Regularly overlooked by investors, its name came on the radar recently when three directors dipped into their pockets to buy stock worth nearly £100,000.
One was new chief executive Lynda Shillaw, who this month completed a review of the company and decided to double its size in five to seven years.
Given that she then made a £30,000 share purchase, she clearly has faith.
Veteran investors may recall that Harworth emerged from the ashes of UK Coal, the doomed, privatised coalmines once owned by the late tycoon Richard Budge.
Harworth was the part of the business that owned the land. It has been performing well since the worst of the pandemic, with a chunky 15 per cent return in the first half of the year, partly due to its focus on warehouses, which boomed through the online shopping surge in the work-from-home era.
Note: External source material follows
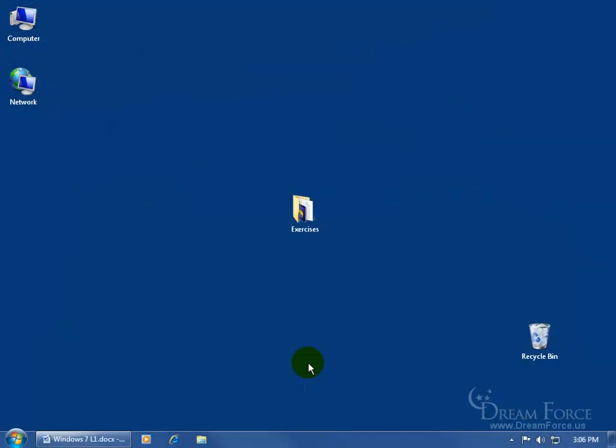Any time you open up a file, folder, or program and you maximize it, it fills the whole screen. Well, it doesn't fill all of it - down below, the taskbar is reserved for this part of the screen.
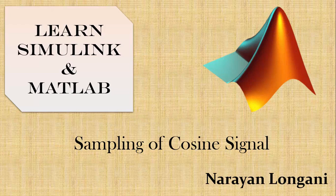Hello everyone and welcome back to the series of MATLAB and Simulink tutorials. Today we will implement sampling of a cosine signal in MATLAB.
But that six-month period was nothing unusual. Harworth has a decent track record of steering land through the planning process and either selling it on or developing it itself.
Shillaw has declared her doubling of the portfolio will be driven by building more warehouses from a rate in recent years of 200,000 sq ft a year to 800,000, while growing its land bank — currently 15,000 acres.
Hedge fund billionaire Nick Roditi, who learned his trade at the knee of George Soros, upped his stake at the depth of the lockdown last year when the shares were at rock bottom and is sitting on a tidy paper profit. His London & Amsterdam Trust is now the biggest shareholder with a quarter of the business — a little more than the Pension Protection Fund, a legacy of the UK Coal collapse.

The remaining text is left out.